The best sailing of the trip, broad reaching in Plumper Sound with breeze in the mid teens!

I woke early and climbed the companionway stairs of our stern-tied Canadian Sailcraft 40 in Annette Inlet on Prevost Island. The steep barnacled wall just off our stern rose before me in the quiet haze of dawn — textures and colors, hidden beneath the surface last night, now popped with such rich contrast as to seem digitally enhanced. I was seeing double, not from the previous evening’s shenanigans, but from the perfectly mirrored image in the calm low tide waters of our own private cruising paradise.

The 48° North Cruising Rally group had this entire back section of the inlet to ourselves. It was another in a line of seemingly too-good-to-be-true cruising stops that had me wondering, “What’s the catch?” I scampered lightly to the transom to check depth under the rudder, and breathed a sigh of relief. No problem. There was no catch, it was just that kind of amazing trip.

It was the second-to-last morning of the rally, which 48° North runs annually in conjunction with Ullman Sails. I don’t think anyone really wanted to wake up or move to a new anchorage, let alone think about the rally week coming to a close. It had been a jam-packed and too-short few days, each taken from a similar page of fun, fellowship, and unbelievably beautiful surroundings.
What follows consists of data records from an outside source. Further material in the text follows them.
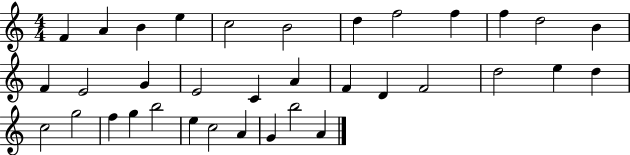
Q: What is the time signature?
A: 4/4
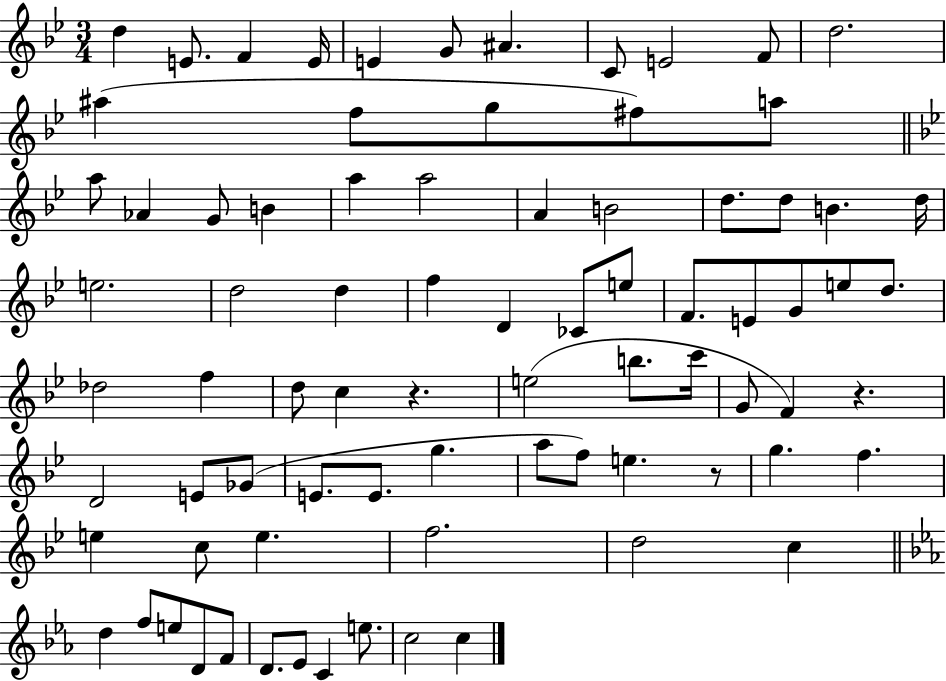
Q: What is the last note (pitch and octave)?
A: C5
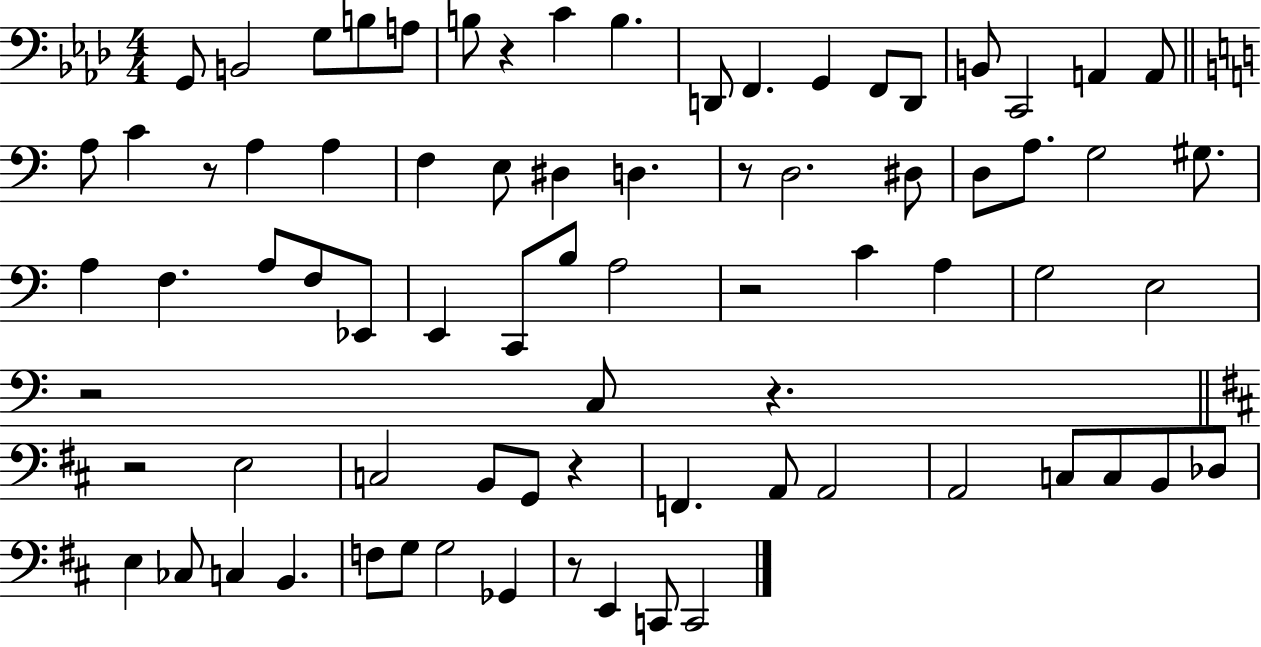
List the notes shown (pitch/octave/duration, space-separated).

G2/e B2/h G3/e B3/e A3/e B3/e R/q C4/q B3/q. D2/e F2/q. G2/q F2/e D2/e B2/e C2/h A2/q A2/e A3/e C4/q R/e A3/q A3/q F3/q E3/e D#3/q D3/q. R/e D3/h. D#3/e D3/e A3/e. G3/h G#3/e. A3/q F3/q. A3/e F3/e Eb2/e E2/q C2/e B3/e A3/h R/h C4/q A3/q G3/h E3/h R/h C3/e R/q. R/h E3/h C3/h B2/e G2/e R/q F2/q. A2/e A2/h A2/h C3/e C3/e B2/e Db3/e E3/q CES3/e C3/q B2/q. F3/e G3/e G3/h Gb2/q R/e E2/q C2/e C2/h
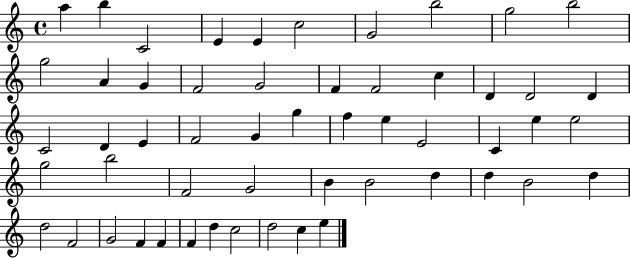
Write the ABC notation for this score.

X:1
T:Untitled
M:4/4
L:1/4
K:C
a b C2 E E c2 G2 b2 g2 b2 g2 A G F2 G2 F F2 c D D2 D C2 D E F2 G g f e E2 C e e2 g2 b2 F2 G2 B B2 d d B2 d d2 F2 G2 F F F d c2 d2 c e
The best stories never come from the perfect trips, but perhaps that’s partly because sharing the story of a trip this good feels a bit like boasting, like rubbing it in. If that’s the case, I guess you’ll have to forgive my humble-brag.

The rally fulfills different purposes for each individual who joins, but at its core is the principle that cruising with a group provides comfort and confidence to those with less experience, an opportunity to meet other 48° North readers and fellow PNW cruisers, and to have a boatload of fun along the way. It’s not an expressly educational event, but the amount of learning and information exchange that takes place in just a few days is truly awesome. This year was no exception.

Our group of nine boats rendezvoused at Cap Sante Marina in Anacortes on July 23. A meet-and-greet ensued over happy hour, and we got to know each other while we evaluated the itinerary, especially for the first day and night. A cooling system with rain was approaching. Our original plan had been to stay at ever-popular Sucia Island, which offers great protection from most wind directions, except the southeast. The weather models didn’t agree, but at least a few suggested that the breeze would come in, maybe heavily, from… the southeast. This is why you write cruising plans in pencil instead of pen.

In these islands, though, options abound and we were ready with Plan B. Instead of Sucia, we’d head through the islands and stay in Garrison or Westcott Bay near Roche Harbor on San Juan Island. Not having a solid read on the cruising crowds with whom we’d share our anchorage, that choice of adjacent bays provides enormous anchorable areas with great protection for our nine boat group. We had visited on a previous rally and landed in Westcott after finding Garrison too crammed with anchored boats to even consider.

In 2023, this was not the case. After a stress-free passage through the San Juans, our group slowly entered the bay, with many of us asking, “Where is everybody?” The Rally HQ boat — the aforementioned CS 40, Blackbird — led the way and tucked into the shallow waters just in front of Guss Island with English Camp to the east. Whoa. I’d only been this close to these waters from the shore of English Camp.

Our unobstructed view of Guss Island, glowing in the setting sun in Garrison Bay after the rain passed through.

Soon, all of the rally boats had dropped hooks nearby, each with ample room to swing, in the southeasterly portion of Garrison. Set for the night, we braced for weather that never materialized quite as rowdy as forecast. Many rally goers ventured to shore to explore English Camp or head over to Westcott Bay Shellfish Co, while others dropped crab pots with impressive returns. Soon the downpour arrived, and folks ducked below on their boats for a weather-inspired early dinner. Eventually, the rain dwindled and the sun made an appearance for a golden few minutes before setting. It was a blissful first sleep at anchor. The next day, we’d venture into Canada.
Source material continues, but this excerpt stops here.